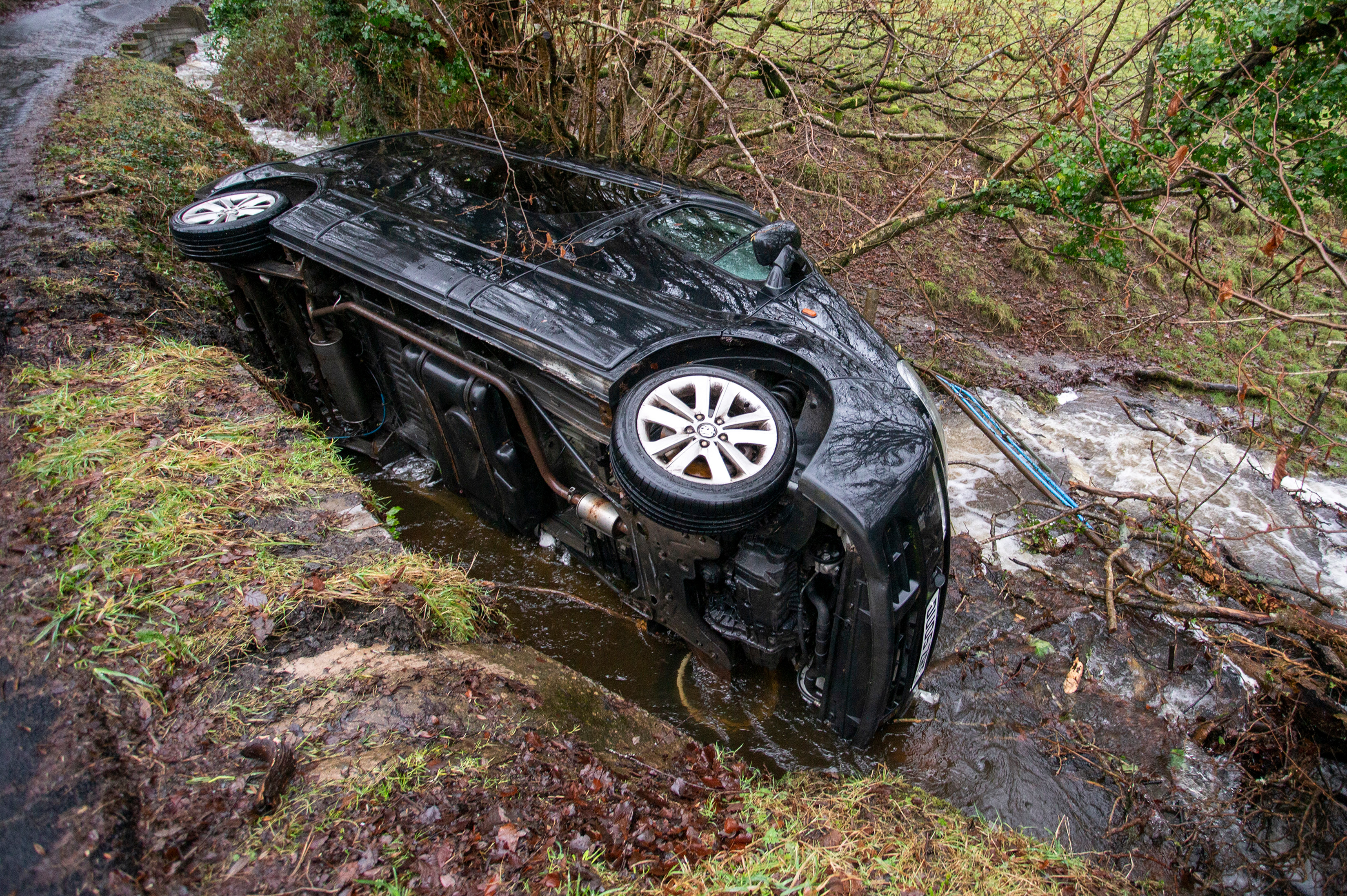 Storm Christoph caused the driver of this van to veer off course and into a stream in Mountain Ash, South Wales yesterday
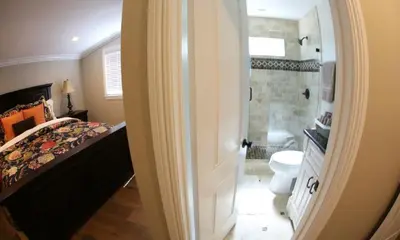 a bathroom with a bed and a shower and a toilet at Destination #31 in Anaheim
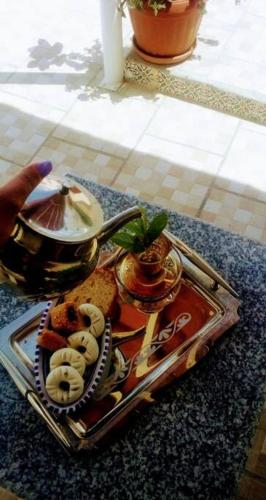 a tray of food on top of a table at Dar Tata in Nabeul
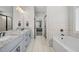 Luxurious Primary bathroom with double sinks, a soaking tub, and a frameless shower at 7532 Milford Pl, Douglasville, GA 30135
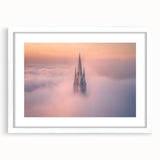 Elegant white-framed landscape artwork displaying a majestic castle surrounded by lush greenery, ideal for enhancing home decor with a touch of classic charm.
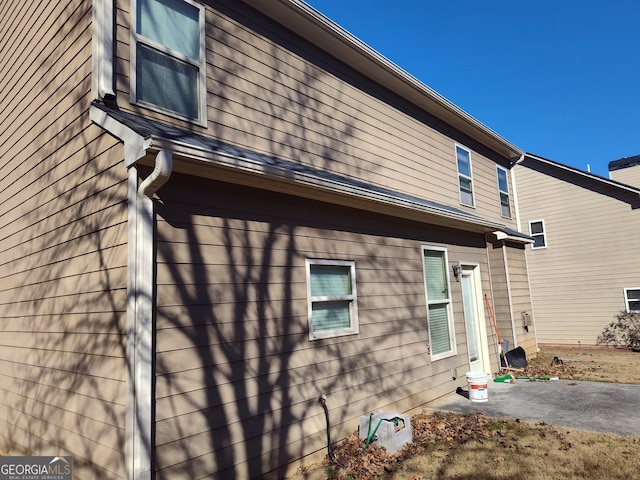 view of home's exterior with a patio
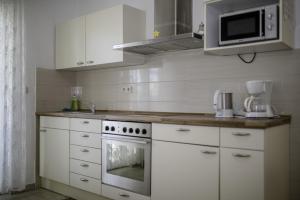 a kitchen with white cabinets and a stove and a microwave at Apartment in Lopar with Terrace, Air conditioning, Wi-Fi (4612-3) in Lopar +18 photos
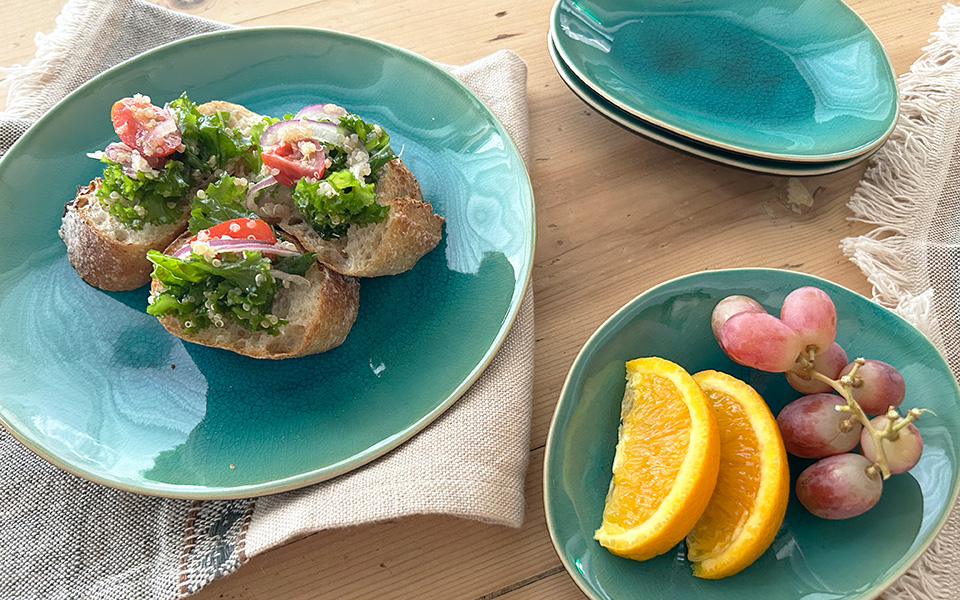 Crusty bread slices topped with greens, tomatoes, and cheese on a turquoise plate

********************

▶ _Task goal_: Exact copy, pictures excluded: repeat the lines from the top of the material through the line with "view of home's exterior with a patio".

▶ _Result of the task_:
 Storm Christoph caused the driver of this van to veer off course and into a stream in Mountain Ash, South Wales yesterday
 a bathroom with a bed and a shower and a toilet at Destination #31 in Anaheim
 a tray of food on top of a table at Dar Tata in Nabeul
 Luxurious Primary bathroom with double sinks, a soaking tub, and a frameless shower at 7532 Milford Pl, Douglasville, GA 30135
 Elegant white-framed landscape artwork displaying a majestic castle surrounded by lush greenery, ideal for enhancing home decor with a touch of classic charm.
 view of home's exterior with a patio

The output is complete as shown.